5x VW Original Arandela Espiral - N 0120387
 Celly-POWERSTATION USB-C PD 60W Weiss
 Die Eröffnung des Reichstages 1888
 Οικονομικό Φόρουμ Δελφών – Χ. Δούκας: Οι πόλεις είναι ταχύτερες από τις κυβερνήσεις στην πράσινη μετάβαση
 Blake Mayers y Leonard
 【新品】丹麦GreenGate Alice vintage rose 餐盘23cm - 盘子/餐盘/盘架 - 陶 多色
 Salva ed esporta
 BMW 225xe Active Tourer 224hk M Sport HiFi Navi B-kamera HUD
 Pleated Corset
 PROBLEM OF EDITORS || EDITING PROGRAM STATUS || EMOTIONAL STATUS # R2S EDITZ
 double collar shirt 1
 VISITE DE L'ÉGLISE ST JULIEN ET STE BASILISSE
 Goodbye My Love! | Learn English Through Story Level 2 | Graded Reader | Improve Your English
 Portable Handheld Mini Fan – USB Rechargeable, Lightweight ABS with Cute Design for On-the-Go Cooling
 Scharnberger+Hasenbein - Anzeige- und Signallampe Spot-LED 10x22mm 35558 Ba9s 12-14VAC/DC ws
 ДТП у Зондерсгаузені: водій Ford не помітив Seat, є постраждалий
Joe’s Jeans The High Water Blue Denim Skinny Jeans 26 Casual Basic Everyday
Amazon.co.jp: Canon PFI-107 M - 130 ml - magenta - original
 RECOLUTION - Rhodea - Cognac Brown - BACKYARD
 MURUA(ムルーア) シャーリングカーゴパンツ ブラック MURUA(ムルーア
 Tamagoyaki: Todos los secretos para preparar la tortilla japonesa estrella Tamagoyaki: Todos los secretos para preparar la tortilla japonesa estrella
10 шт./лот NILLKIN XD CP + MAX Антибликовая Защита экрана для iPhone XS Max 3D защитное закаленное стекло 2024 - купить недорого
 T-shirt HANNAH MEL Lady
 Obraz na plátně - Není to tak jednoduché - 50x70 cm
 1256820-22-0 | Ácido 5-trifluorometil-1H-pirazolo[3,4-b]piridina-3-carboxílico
*****
**Task details**
Reproduce each line of the material exactly as given.

**Solution to this exercise**
5x VW Original Arandela Espiral - N 0120387
 Celly-POWERSTATION USB-C PD 60W Weiss
 Die Eröffnung des Reichstages 1888
 Οικονομικό Φόρουμ Δελφών – Χ. Δούκας: Οι πόλεις είναι ταχύτερες από τις κυβερνήσεις στην πράσινη μετάβαση
 Blake Mayers y Leonard
 【新品】丹麦GreenGate Alice vintage rose 餐盘23cm - 盘子/餐盘/盘架 - 陶 多色
 Salva ed esporta
 BMW 225xe Active Tourer 224hk M Sport HiFi Navi B-kamera HUD
 Pleated Corset
 PROBLEM OF EDITORS || EDITING PROGRAM STATUS || EMOTIONAL STATUS # R2S EDITZ
 double collar shirt 1
 VISITE DE L'ÉGLISE ST JULIEN ET STE BASILISSE
 Goodbye My Love! | Learn English Through Story Level 2 | Graded Reader | Improve Your English
 Portable Handheld Mini Fan – USB Rechargeable, Lightweight ABS with Cute Design for On-the-Go Cooling
 Scharnberger+Hasenbein - Anzeige- und Signallampe Spot-LED 10x22mm 35558 Ba9s 12-14VAC/DC ws
 ДТП у Зондерсгаузені: водій Ford не помітив Seat, є постраждалий
Joe’s Jeans The High Water Blue Denim Skinny Jeans 26 Casual Basic Everyday
Amazon.co.jp: Canon PFI-107 M - 130 ml - magenta - original
 RECOLUTION - Rhodea - Cognac Brown - BACKYARD
 MURUA(ムルーア) シャーリングカーゴパンツ ブラック MURUA(ムルーア
 Tamagoyaki: Todos los secretos para preparar la tortilla japonesa estrella Tamagoyaki: Todos los secretos para preparar la tortilla japonesa estrella
10 шт./лот NILLKIN XD CP + MAX Антибликовая Защита экрана для iPhone XS Max 3D защитное закаленное стекло 2024 - купить недорого
 T-shirt HANNAH MEL Lady
 Obraz na plátně - Není to tak jednoduché - 50x70 cm
 1256820-22-0 | Ácido 5-trifluorometil-1H-pirazolo[3,4-b]piridina-3-carboxílico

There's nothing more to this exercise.